What is being asked — Only the words of the entries are wanted, repeated exactly and without images.

+ + + +

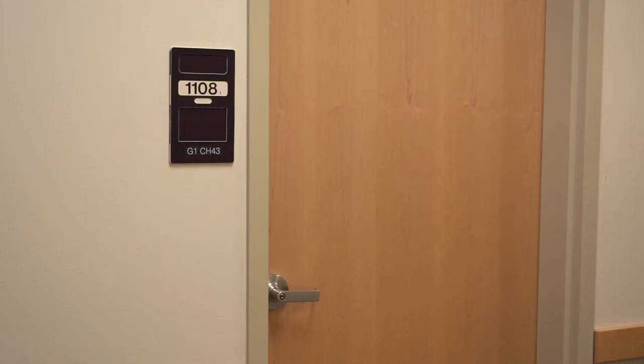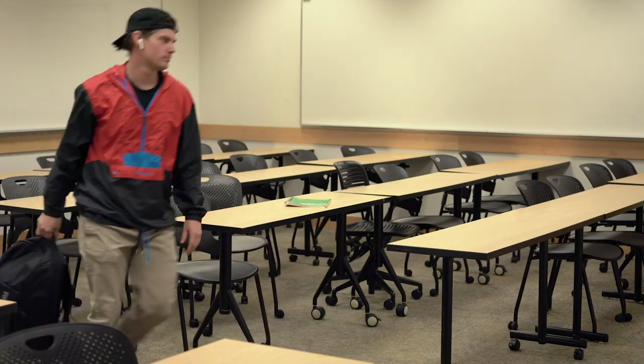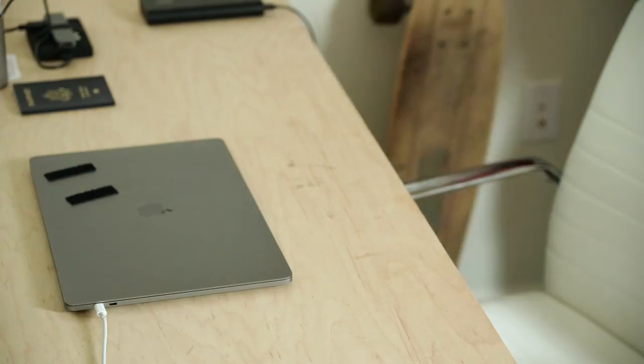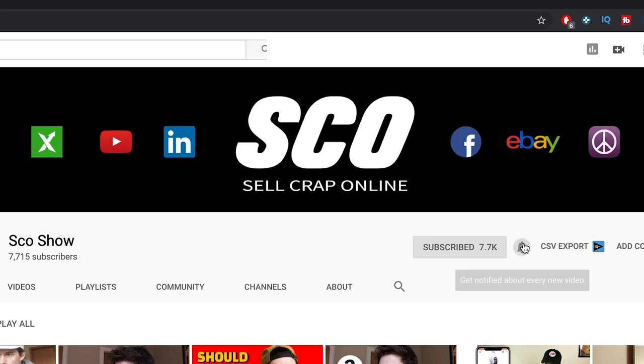I made this YouTube channel because when I went to college to learn business, it was all outdated. But I knew that things like Facebook ads, Kickstarter campaigns, selling on Amazon, and becoming a YouTuber were actually legit. So I decided to hit up Google and learn it on my own. Luckily, I found this YouTube channel called Sko Show that taught me everything I needed to know.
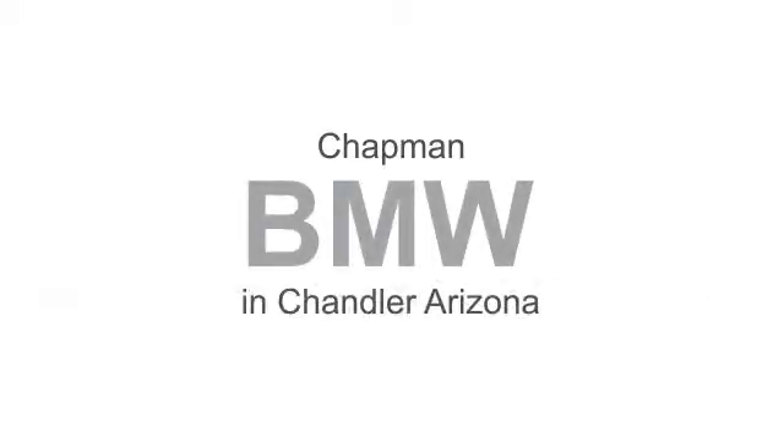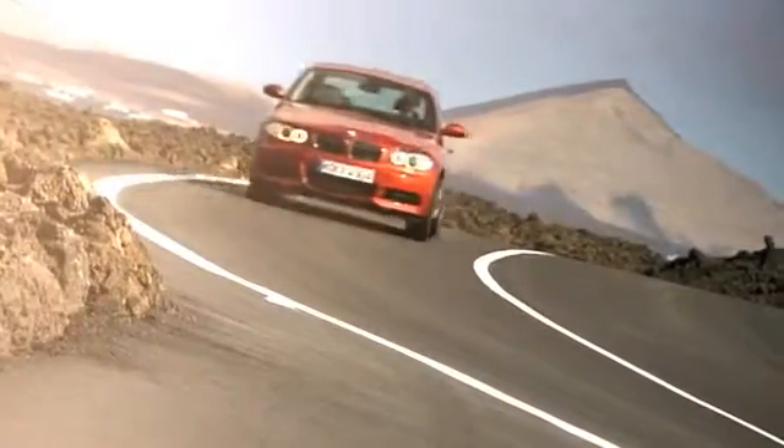At Chapman BMW, we focus on taking care of the customer. We give you the best bottom line price in town. Our dealership is driven by our dedication to you, the customer, and to selling only the highest quality luxury cars.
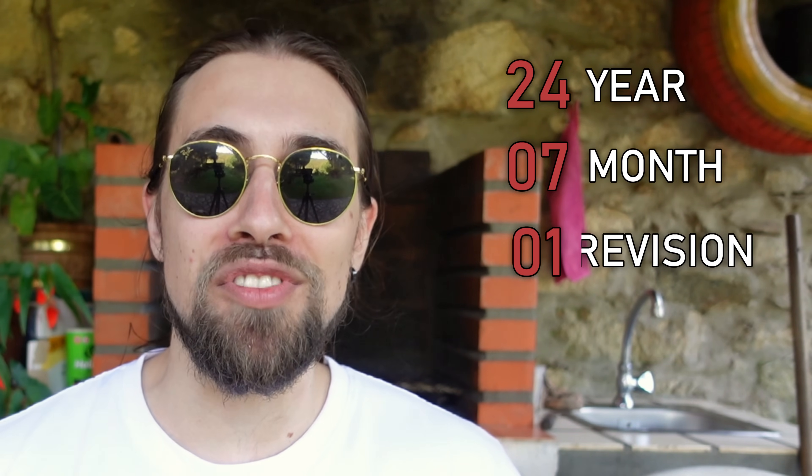Hello guys, Ancient Gameplays, I'm Fabio Pisco, welcome to my channel. Today we're recording outside because it's a very good day — I actually went to the beach, the last time was like two years ago. As for today's video, we have the review of the 24.7.1 drivers. 24 is the year 2024, 7 is the month July, and 1 is the revision — the first revision of July.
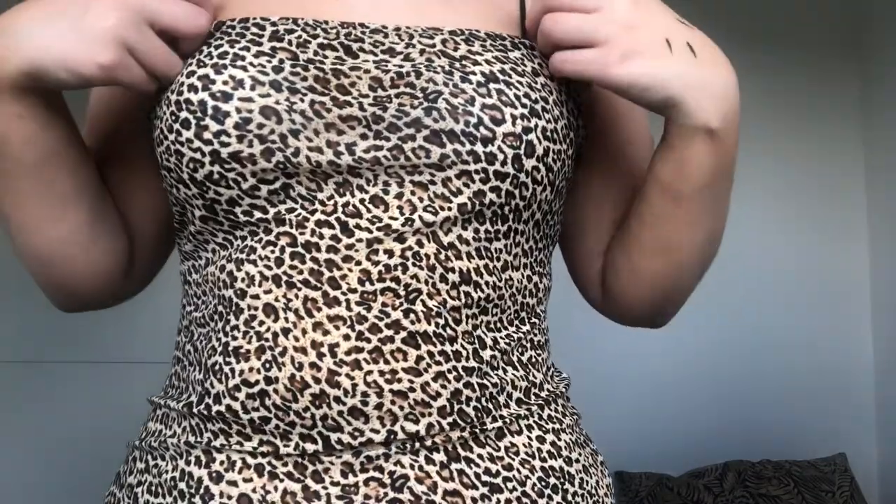Now I've got a leopard print bodycon dress — I was thinking of wearing it with a t-shirt underneath. Size extra large. I'm not going to lie, I kind of hate it. The top part is a bit baggy and the straps are in a really weird place and they're also a bit long. Without a bra it might look better but it just does absolutely nothing for me. It's quite see-through as well.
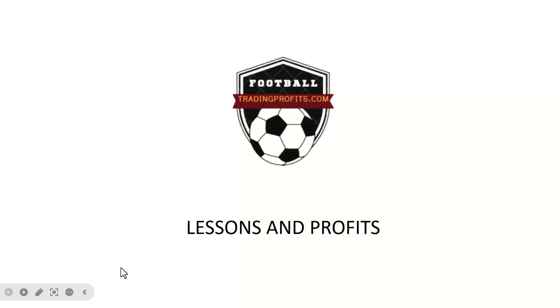Hi, welcome to the first Lessons and Profits video. I'll be trying to do one of these a week, just to bring together the profits primarily for the live chat webinars and also the lessons learned. How did we apply our strategies to the real world and did it work? So let's take a look.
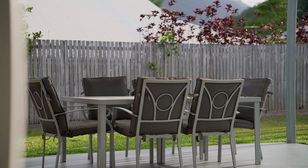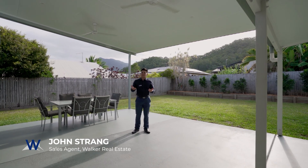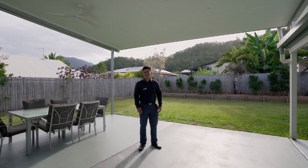Thank you everyone for watching this beautiful video of this lovely renovated home. If you guys are wanting something easy to move into and stress-free, watch this space. Open home times are coming soon.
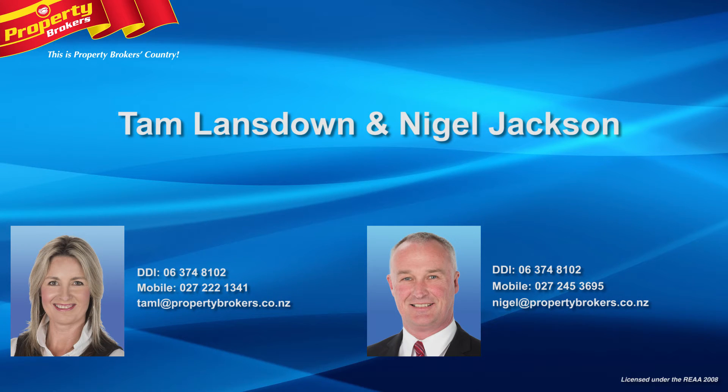Call Tam anytime on 027 222 1341, or Nigel on 027 245 3695.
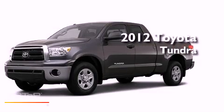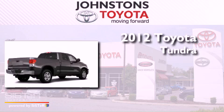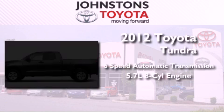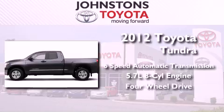This is a brand new 2012 Toyota Tundra. This truck has a 6-speed automatic transmission, a 5.7-liter V8, and 4-wheel drive.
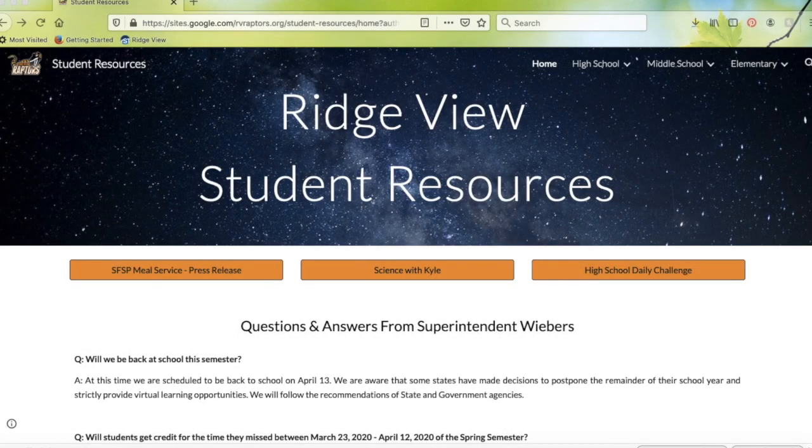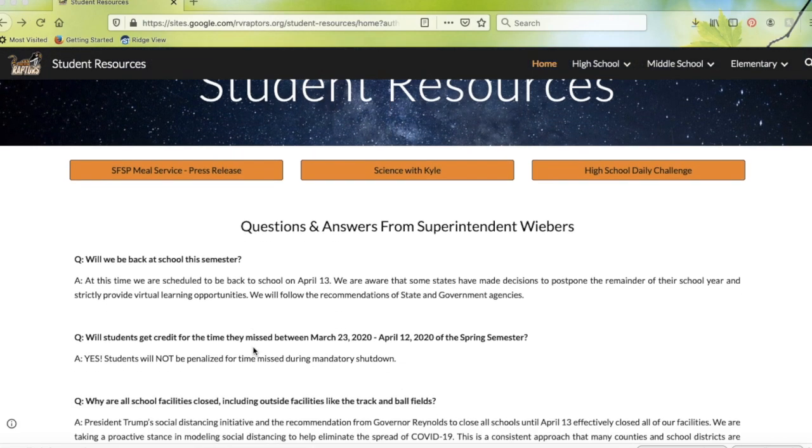Hey everyone, just wanted to share an update with you all. We know you've been getting a lot of information these past couple of weeks, and we wanted to put all of our student resources in one easy-to-find place for you. So we've created a new offshoot of our website for you: Ridgeview Student Resources. I'll walk you through it here quick so you know where you can find things.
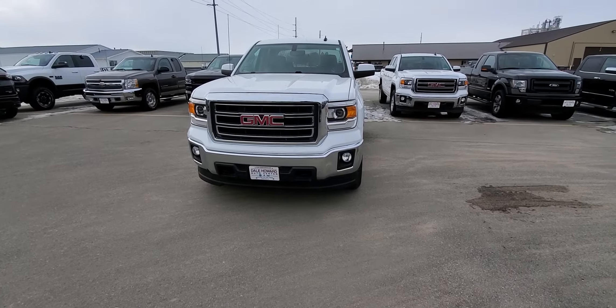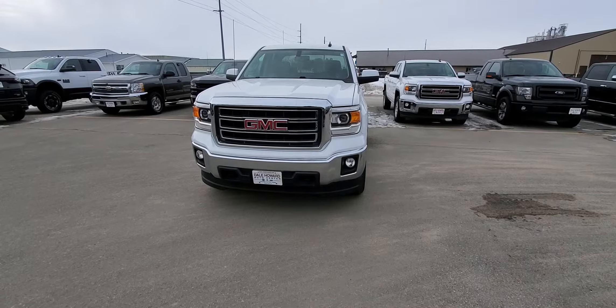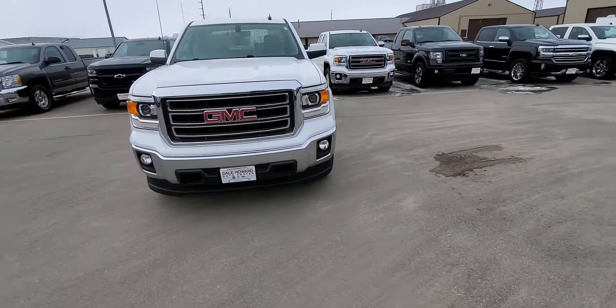Hi, I'm JJ Lindquist with Dale Howard Auto and this is our 2014 GMC Sierra 1500 four-wheel drive.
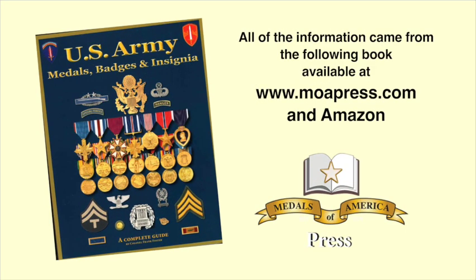Thank you for joining us today. Everything you've seen today came from my latest book, U.S. Army Medals, Badges, and Insignia. It's just waiting on you at Amazon.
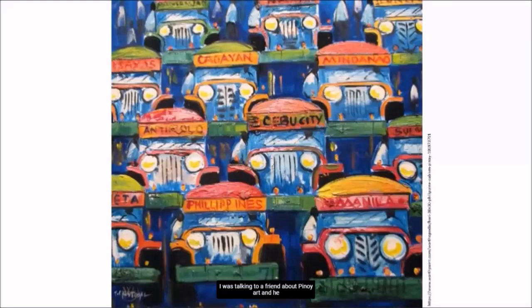I was talking to a friend about Pinoy art, and he mentioned how local paintings tend to be too tight — every square inch has to be filled to the brim. It took me a few seconds to rewind all the paintings I could think of before I said, that's right, I never realized that.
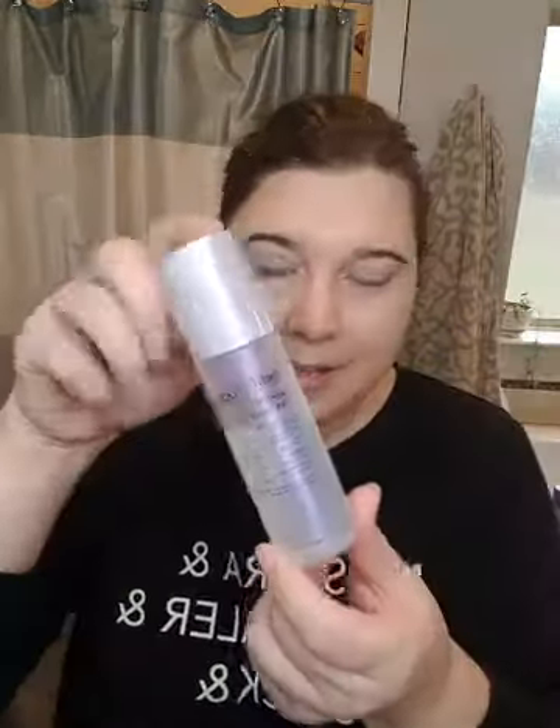This is my under-eye concealer trick. I put my concealer on, then I put a little bit of my Fix and Mist setting spray, and now I'm going to go in with my setting powder and just loosely dust that under there to help with those mature cracking eyes — because we don't need that.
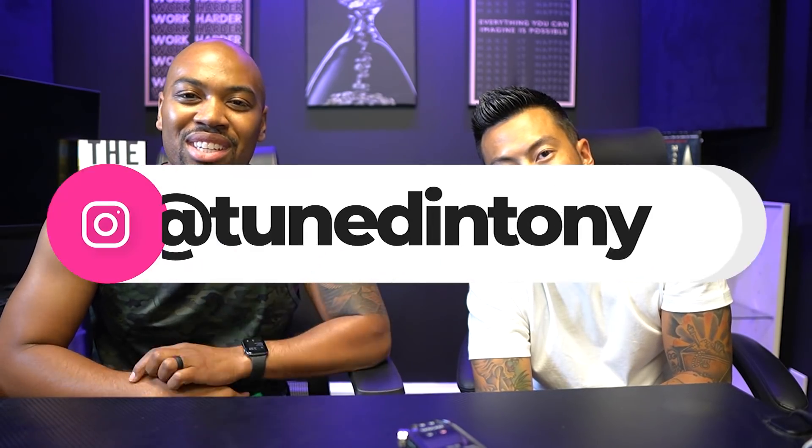I appreciate that Tony. Make sure everybody goes and checks out Tony on Instagram and YouTube — his quality is crazy. We can go to another spot and talk some more, but make sure you follow Tuned In Tony — T-U-N-E-D-I-N Tony — on Instagram and YouTube. His eBook is way crazier than mine too — check it out. Peace.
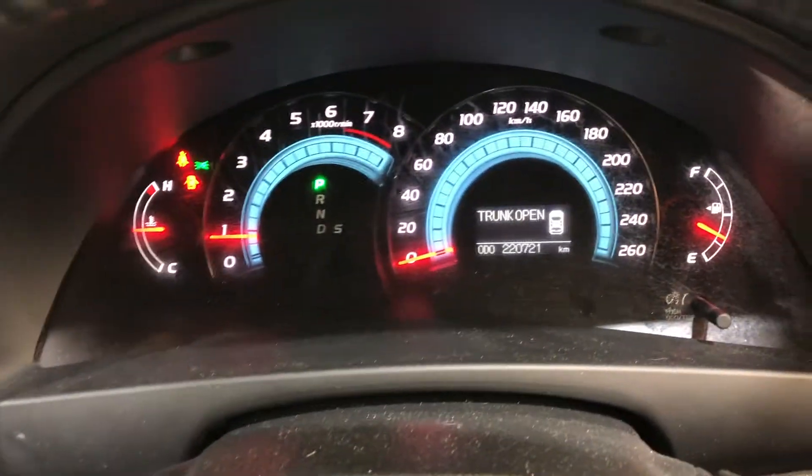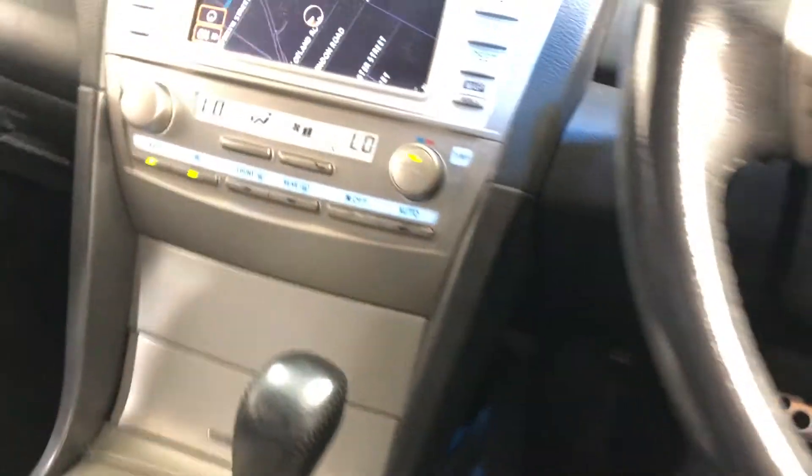This car has low mileage at 20,000km on the clock. There's also a push-button start.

+ + + +

Exercise answer —
I made this YouTube channel because when I went to college to learn business, it was all outdated. But I knew that things like Facebook ads, Kickstarter campaigns, selling on Amazon, and becoming a YouTuber were actually legit. So I decided to hit up Google and learn it on my own. Luckily, I found this YouTube channel called Sko Show that taught me everything I needed to know.
At Chapman BMW, we focus on taking care of the customer. We give you the best bottom line price in town. Our dealership is driven by our dedication to you, the customer, and to selling only the highest quality luxury cars.
Hello guys, Ancient Gameplays, I'm Fabio Pisco, welcome to my channel. Today we're recording outside because it's a very good day — I actually went to the beach, the last time was like two years ago. As for today's video, we have the review of the 24.7.1 drivers. 24 is the year 2024, 7 is the month July, and 1 is the revision — the first revision of July.
Now I've got a leopard print bodycon dress — I was thinking of wearing it with a t-shirt underneath. Size extra large. I'm not going to lie, I kind of hate it. The top part is a bit baggy and the straps are in a really weird place and they're also a bit long. Without a bra it might look better but it just does absolutely nothing for me. It's quite see-through as well.
Hi, welcome to the first Lessons and Profits video. I'll be trying to do one of these a week, just to bring together the profits primarily for the live chat webinars and also the lessons learned. How did we apply our strategies to the real world and did it work? So let's take a look.
Thank you everyone for watching this beautiful video of this lovely renovated home. If you guys are wanting something easy to move into and stress-free, watch this space. Open home times are coming soon.
Call Tam anytime on 027 222 1341, or Nigel on 027 245 3695.
This is a brand new 2012 Toyota Tundra. This truck has a 6-speed automatic transmission, a 5.7-liter V8, and 4-wheel drive.
Hey everyone, just wanted to share an update with you all. We know you've been getting a lot of information these past couple of weeks, and we wanted to put all of our student resources in one easy-to-find place for you. So we've created a new offshoot of our website for you: Ridgeview Student Resources. I'll walk you through it here quick so you know where you can find things.
Hi, I'm JJ Lindquist with Dale Howard Auto and this is our 2014 GMC Sierra 1500 four-wheel drive.
Thank you for joining us today. Everything you've seen today came from my latest book, U.S. Army Medals, Badges, and Insignia. It's just waiting on you at Amazon.
I was talking to a friend about Pinoy art, and he mentioned how local paintings tend to be too tight — every square inch has to be filled to the brim. It took me a few seconds to rewind all the paintings I could think of before I said, that's right, I never realized that.
This is my under-eye concealer trick. I put my concealer on, then I put a little bit of my Fix and Mist setting spray, and now I'm going to go in with my setting powder and just loosely dust that under there to help with those mature cracking eyes — because we don't need that.
I appreciate that Tony. Make sure everybody goes and checks out Tony on Instagram and YouTube — his quality is crazy. We can go to another spot and talk some more, but make sure you follow Tuned In Tony — T-U-N-E-D-I-N Tony — on Instagram and YouTube. His eBook is way crazier than mine too — check it out. Peace.
This car has low mileage at 20,000km on the clock. There's also a push-button start.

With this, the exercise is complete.